On 2 October 1945, Herras Teehankee, through her husband, Alberto Teehankee, filed with the People's
Court a petition wherein, invoking the provisions of Executive Order No. 65, promulgated by His
Excellency, the President of the Philippines, dated 3 September 1945, she prayed that her immediate
release be ordered on the ground that no evidence exists upon which she could be charged with any act
punishable by law, or, alternatively, that the People's Court fix the bail for her provisional liberty, in
conformity with the aforesaid executive order, and upon approval of such bail, that an order be forthwith
issued directing the officer having official custody of her person to immediately release her.

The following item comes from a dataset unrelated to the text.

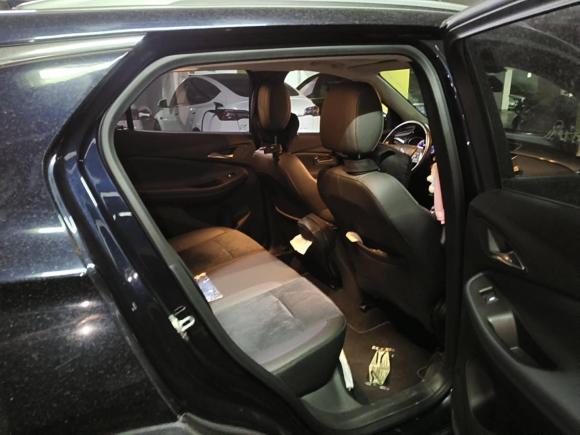 [上海·沪B] 二手别克昂科拉GX2020款 20T CVT两驱豪华型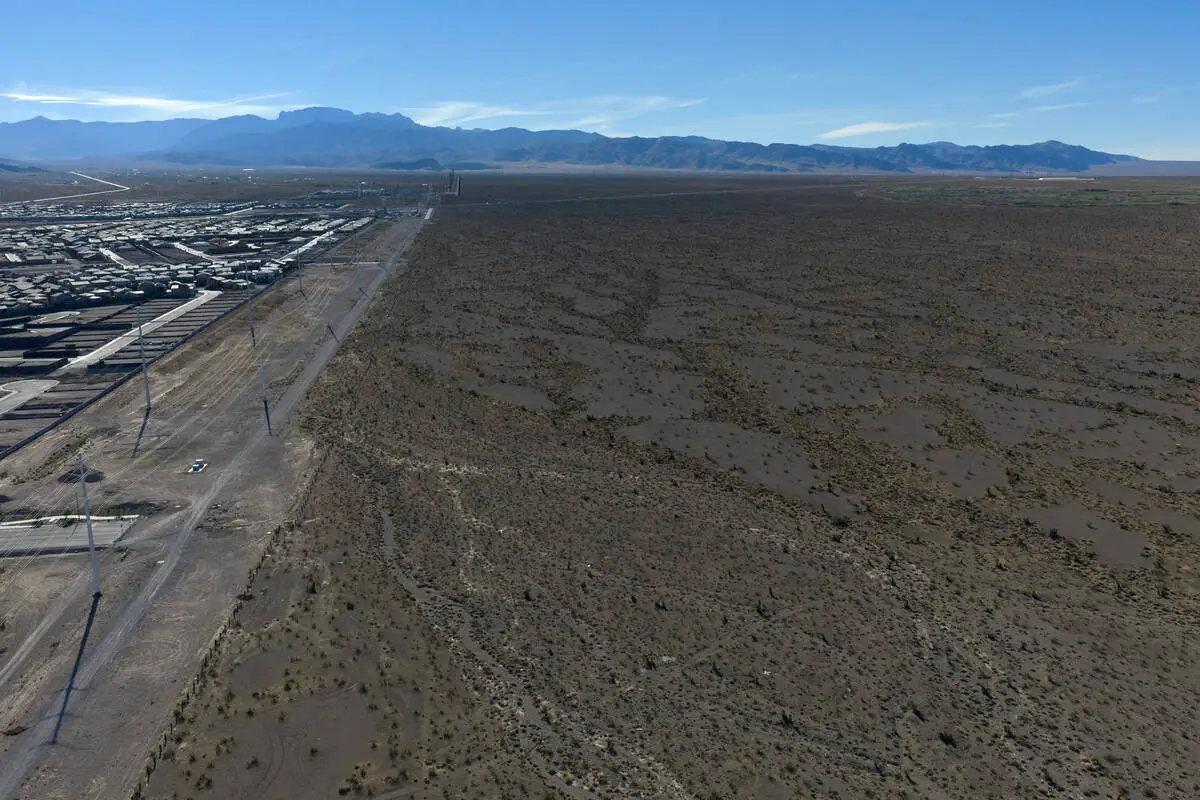 EDITORIAL: More land, more homes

On 9 October 1945, the Hon. Leopoldo Rovira, Presiding Judge of the People's Court, entered an order
referring the petition for provisional release for consideration by the Fifth Division of the People's Court,
but adding the following statement: "in my opinion, it should be denied notwithstanding the
recommendation of the Solicitor General for her provisional release under a bond of P50,000."

On the same date, the Hon. Pompeyo Diaz, Associate Judge of the People's Court, entered an order
disposing of said petition and denying the same "in view of the gravity of the offense as can be deduced
from the fact that the office of the Special Prosecutors recommends as high as P50,000 for her provisional
release." Herras Teehankee filed for reconsideration, but the Court, through Associate Judge Pompeyo
Diaz, denied said motion. Herras Teehankee filed a petition for the writs of certiorari and mndamus on 19
October 1945 with the Supreme Court.

Issue: Whether a person may file for bail even before a formal charge or information is filed against him.

Ruling: Article III, section 1(16) of the Commonwealth Constitution -- which provides that "All persons
shall before conviction be bailable by sufficient sureties, except those charged with capital offenses when
evidence of guilt is strong.

Excessive bail shall not be required" -- refers to all persons, not only to persons against whom a
complaint or information has already been formally filed. It lays down the rule that all persons shall
before conviction be bailable except those charged with capital offenses when evidence of guilt is strong.

According to the provision, the general rule is that any person, before being convicted of any criminal
offense, shall be bailable, except when he is charged with a capital offense and the evidence of his guilt is
strong. Of course, only those persons who have been either arrested, detained or otherwise deprived of
their liberty will ever have occasion to seek the benefits of said provision. But in order that a person can
invoke this constitutional precept, it is not necessary that he should wait until a formal complaint or
information is filed against him. From the moment he is placed under arrest, detention or restraint by the
officers of the law, he can claim this guarantee of the Bill of Rights, and this right he retains unless and
until he is charged with a capital offense and evidence of his guilt is strong.
Indeed if, as admitted on all sides, the precept protects those already charged under a formal complaint or
information, there seems to be no legal or just reason for denying its benefits to one as against whom the
proper authorities may even yet conclude that there exists no sufficient evidence of guilt.

To place the former in a more favored position than the latter would be, to say the least, anomalous and
absurd. If there is a presumption of innocence in favor of one already formally charged with criminal
offense (Constitution, Article III, section 1[17]), a fortiori, this presumption should be indulged in favor
of one yet so charged, although already arrested or detained.